In 1992, the association bought a brick house and made habitable through a lot of contribution of personal work. They started by giving a new home to a group of young people with disabilities who have lived in an orphanage. During the civil war in Georgia (spring 1993 - spring 1995), however, all had to leave the house and the five orphans were temporarily accommodated privately. There were raids and many things got stolen or destroyed. In the spring of 1995, they could use the house once again and caregivers and volunteers gradually renovated and expanded the house since.

In the year 2000, TEMI has been recognized as a private non-profit organization.

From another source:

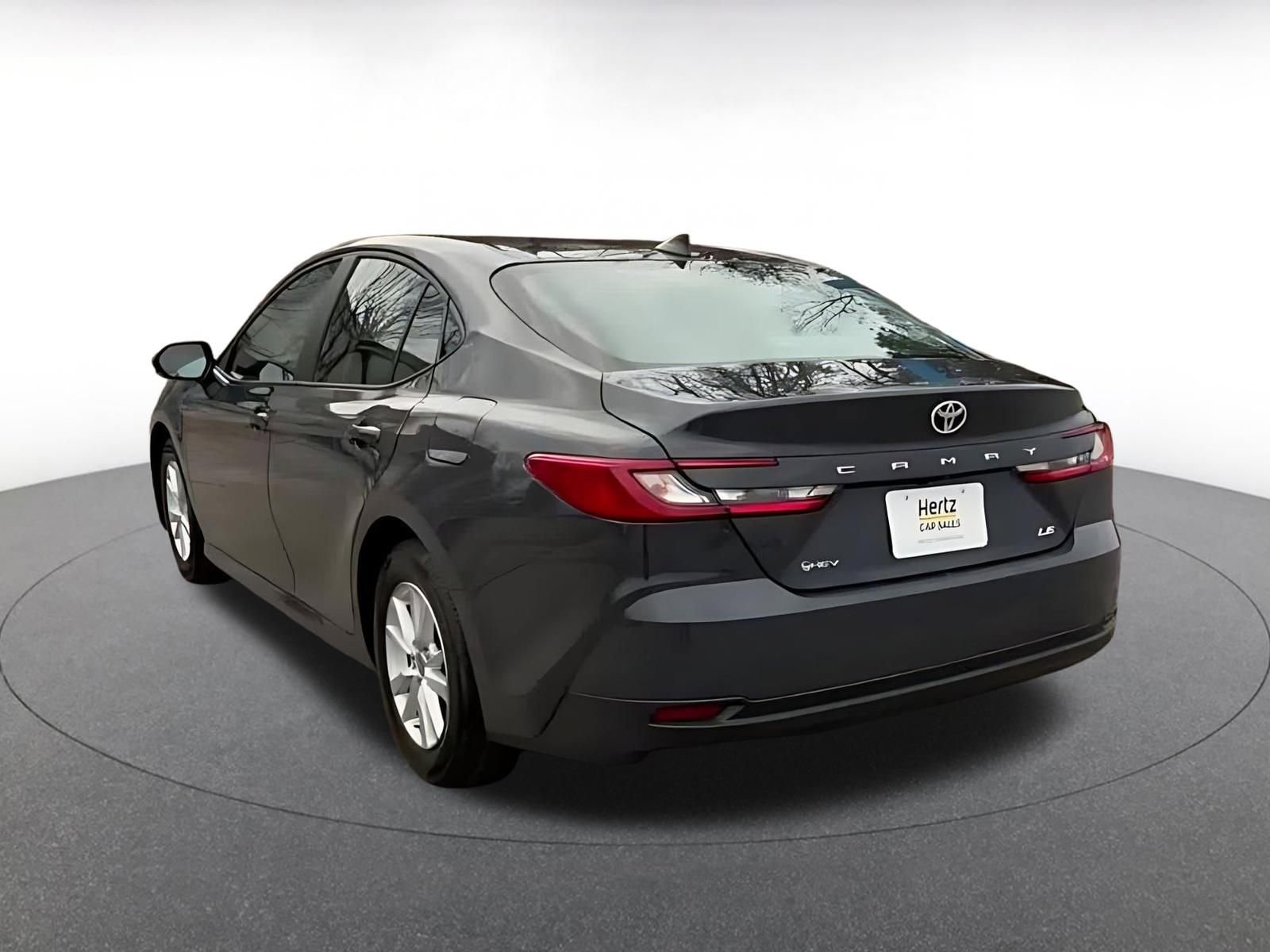 Used 2025 Toyota Camry LE image 11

Under the leadership of Nika Kvashali, many people and employees, all from Georgia, live and work in the community with very modest salaries. They organize all everything necessary such as money, food, renovations and extensions, provide for helpers, work in school, in the garden, in the kitchen, in the care and in the accounting. The support of Susanna Reinhart, a Swiss woman with Waldorf teacher and theatre training, who, in addition to her transports to Georgia and her continuous support in the community, organises active donations for TEMI, helps to keep the association alive.

Current challenges:

The enormous extent of rural migration in Georgia - 30 to 50% of the population live in the capital of Tbilisi - makes TEMI’s work difficult because there is hardly any infrastructure for socially disadvantaged and disabled people in rural areas. But despite all obstacles, TEMI takes care of these people who, if they do not have a family, have to live on the street. Whenever possible, all those seeking help are welcomed and the community grows steadily.

Since 2005, TEMI has taken in many severely disabled and autistic adolescents from public school homes. As a result, TEMI has been receiving state support for these 24 people for several years, currently 15 lari, which is about six euros per day and person. With the help of donations and the sparse revenues from the sale of its own products, TEMI can also create a living space for many other people in need.